I love America, my adopted home. I love everything about it. Well, alright, there’s one exception. Just one. Measuring cups.
Cooking is a passion for me. So imagine my confusion when I moved to the United States only to find that no one used kitchen scales. How can you measure anything for cooking? One of my friends advised me to buy a new tool: a set of measuring cups. This way, I was told, I could accurately measure ingredients for any recipe.
A measuring cup? Not scales? Suddenly that early internet hoax, The $250 Cookie made sense. Back in the early 90s, I received an email.

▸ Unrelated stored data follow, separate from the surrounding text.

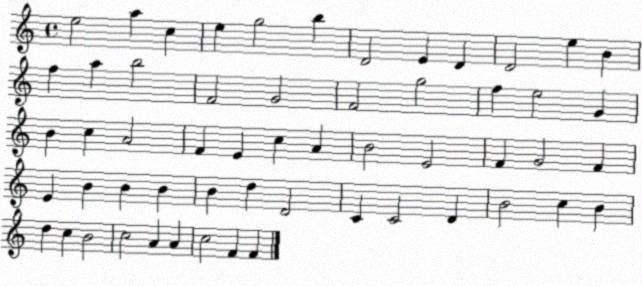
X:1
T:Untitled
M:4/4
L:1/4
K:C
e2 a c e g2 b D2 E D D2 e B f a b2 F2 G2 F2 g2 f e2 G B c A2 F E c A B2 E2 F G2 F E B B B B d D2 C C2 D B2 c B d c B2 c2 A A c2 F F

It told of how a woman in America had asked for the cookie recipe at a restaurant, they’d charged her $250 for it and she couldn’t get a refund. Her “revenge” was to email the recipe to everyone she knew. One of the first instances of spam email, it cluttered up everyone’s inboxes for a week. The story, was of course, baloney but I wanted to try the recipe. The problem was that all the measurements were in cups, not ounces or grams. So I had no idea how to make it.

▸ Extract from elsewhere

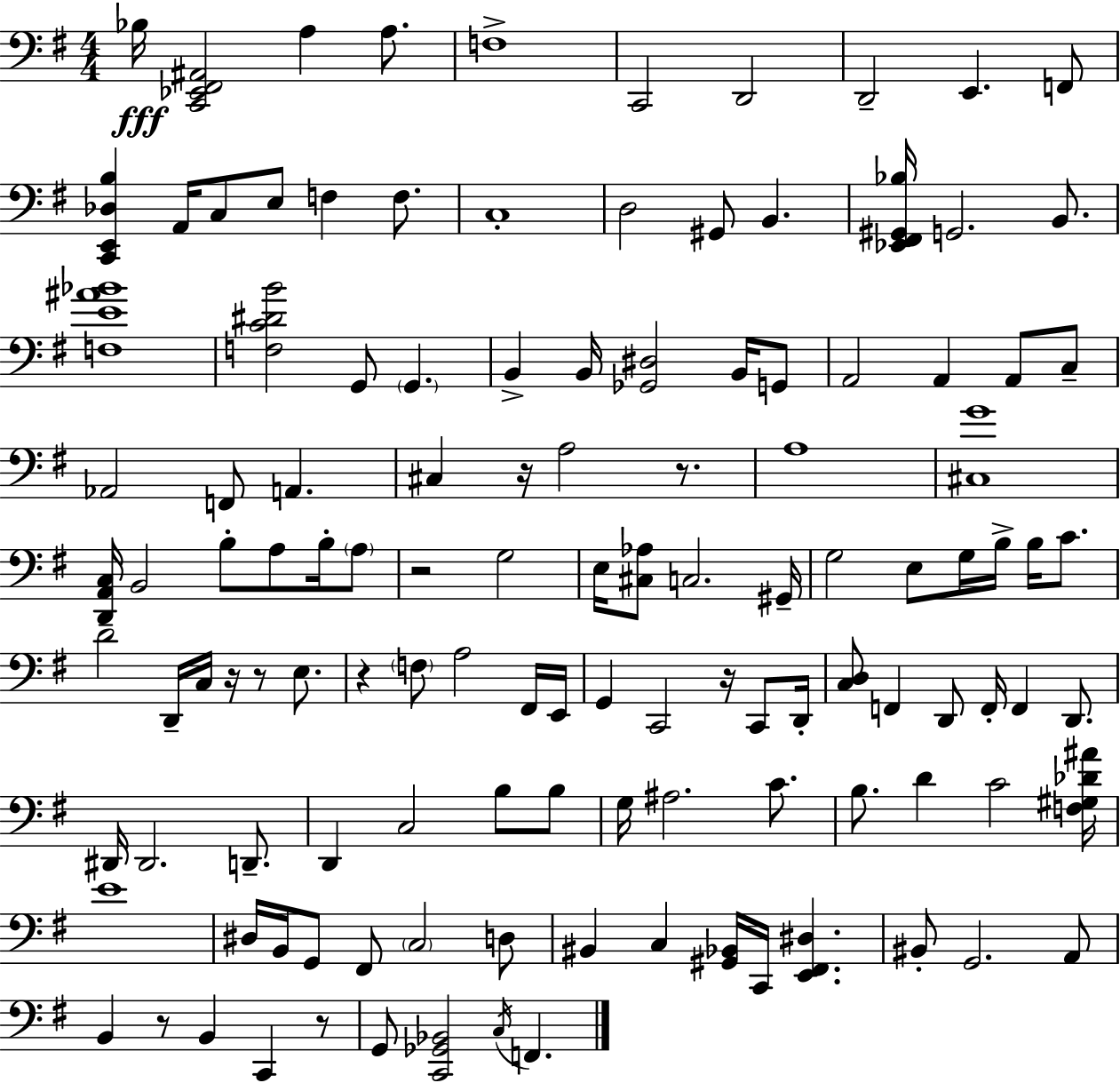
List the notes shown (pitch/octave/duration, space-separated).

Now I had the answer. Americans use cups to measure food! Sadly, I’d lost the recipe years earlier but I decided to make another dessert (I forget what I made exactly). I pulled out my shiny new measuring cups. The recipe called for “1 cup walnuts, chopped”. Huh? This didn’t make sense! How many walnuts is that? If I chop the walnuts coarsely, I’d get far fewer walnuts in the cup measurement than I would if I chopped them finely. Paralysed by inaccuracy, I did my best and chopped them medium-fine.
The next instruction was worse: “2 cups flour”. Was that flour fresh out of the bag or flour that I had sifted? Because it’s been aerated, far less sifted flour fits in a cup than flour out of the bag. As a measure for solid foods, I quickly realised, this cup system was dreadful. I felt like giving up altogether when in another recipe it advised “1 cup strawberries”. Seriously? You can’t even fit them sensibly in the measure!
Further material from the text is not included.